This goes hand-in-hand with the advice to write good commit messages.

Commits should be relatively small and self-contained, conceptually. One commit might touch several files, but the changes in those files should be closely related to each other. There's multiple reasons for this:

  • It makes it easier to describe the changes in the commit
  • It's easier to look at that one commit and see what changes it includes
  • If the commit needs to be reverted later, there's fewer other changes that would be affected
  • When someone looks at the line-by-line history, there will be more specific comments associated with each line ("Fixed bug X" instead of "Made a bunch of changes", etc)
  • It's easier to bisect the commit history and narrow down what changes might have caused a particular bug

For example, say I'm adding a new JS library to a project. I would make one commit that just updates package.json and yarn.lock, then put the initial code changes using that library into a separate commit. You can see an example of this commit approach in the commits for the "Redux Fundamentals" tutorial example app I wrote.
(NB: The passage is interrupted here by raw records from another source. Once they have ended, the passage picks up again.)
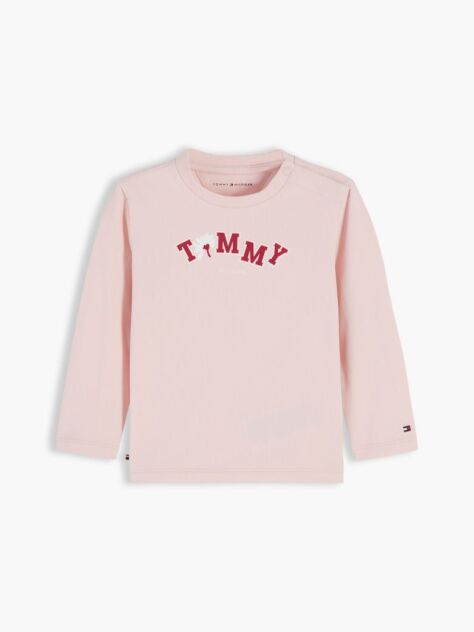 Roz T-Shirt Cu Maneca Lunga Si Logo  Nou nascuti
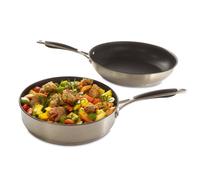 Lot poêle et sauteuse inox antiadhérentes Excell'Inox 24 cm Mathon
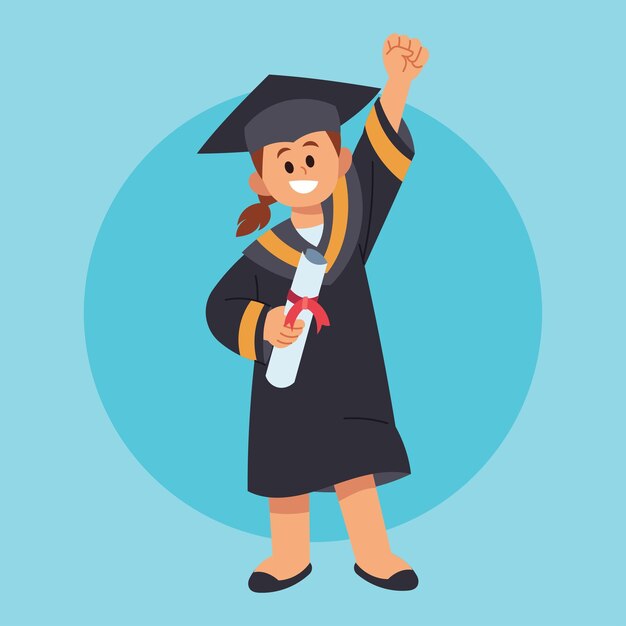 A Joyful Graduate Celebrates Academic Success Holding Diploma in Hand Triumphant Pose Successful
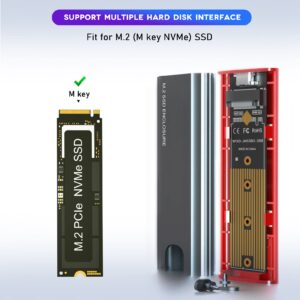 M.2 SSD Enclosure, M.2 NVME SSD Enclosure High Speed Ultrathin Aluminum Alloy Enclosure UASP 10Gbps for 2260 SSD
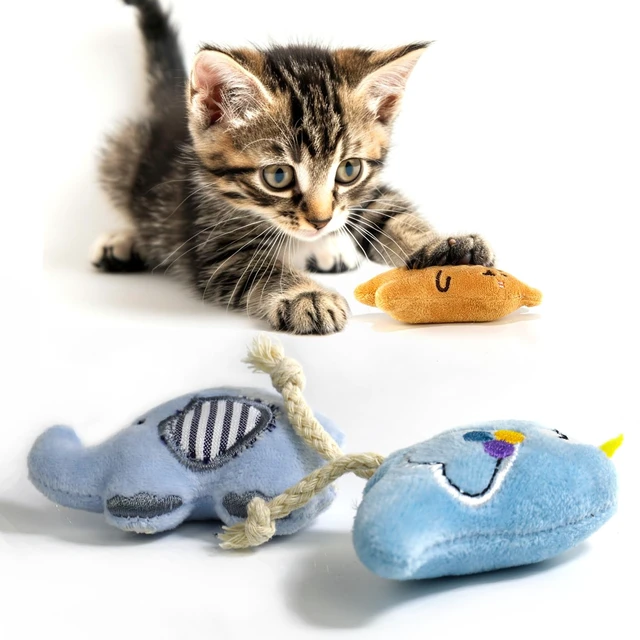 Alt view image 7 of 7 - Cat Toys, Interactive Cats Toy for Indoor Cats, Soft and Durable Crinkle Sound Catnip Toys, Catnip Filled Mouse Cat Teething Chew Toy (Pack of 6)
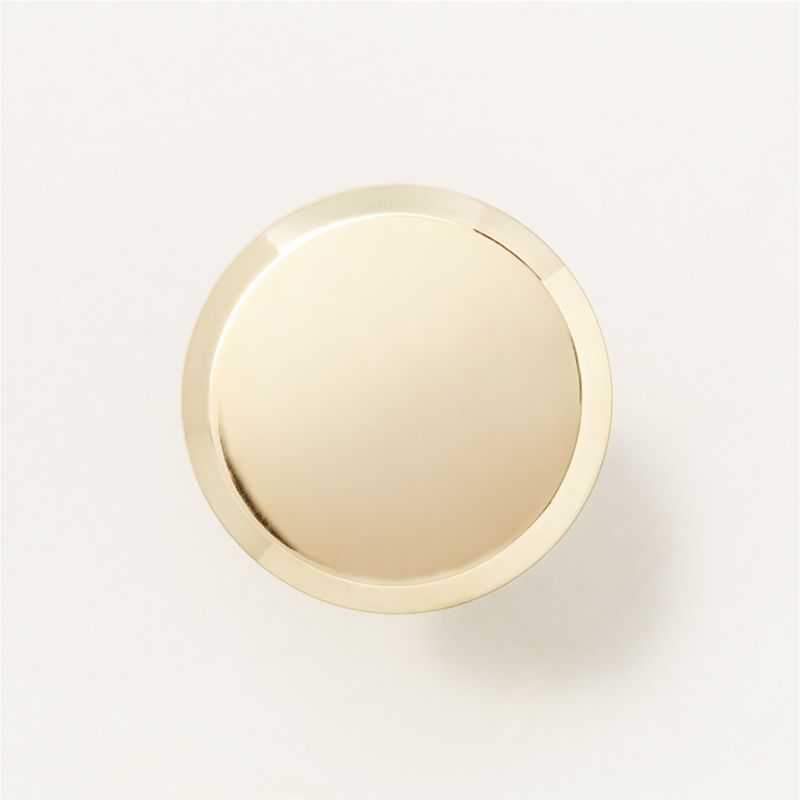 Curveaux Curved Round Unlacquered Polished Brass Knob 1.25'' - image 0 of 6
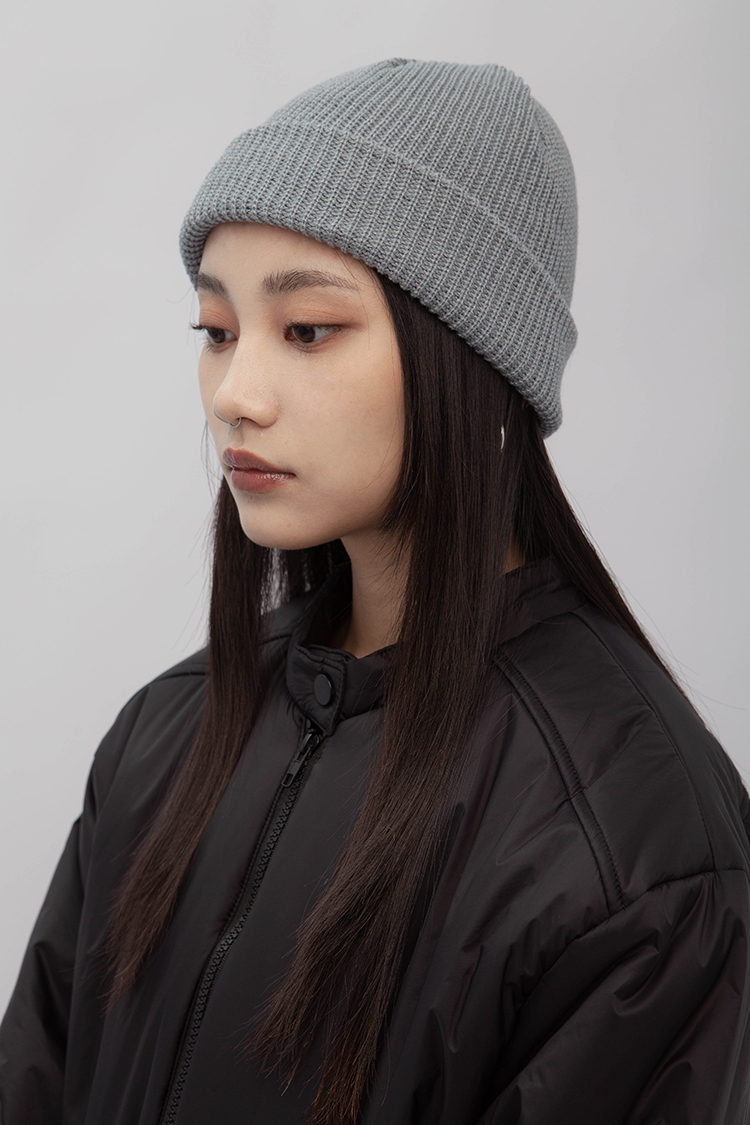 翻摺羅紋針織毛帽(男女適用)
To me, the commit history should "tell a story" of how a given task was accomplished. Someone should be able to read through the series of commits, whether it be during the PR review process or years down the road, and be able to understand my thought process for what changes I made and why I made them.

Clean Up Commit History Before Pushing

I frequently have to make "WIP" commits as I'm working on a task. Maybe I've just made a bunch of edits, the code is now mostly working, and I want to record a checkpoint before I keep going. Or, maybe I forgot to commit a particular bit of code, added it in another commit later, but it doesn't really belong as part of the "story" that I'm telling.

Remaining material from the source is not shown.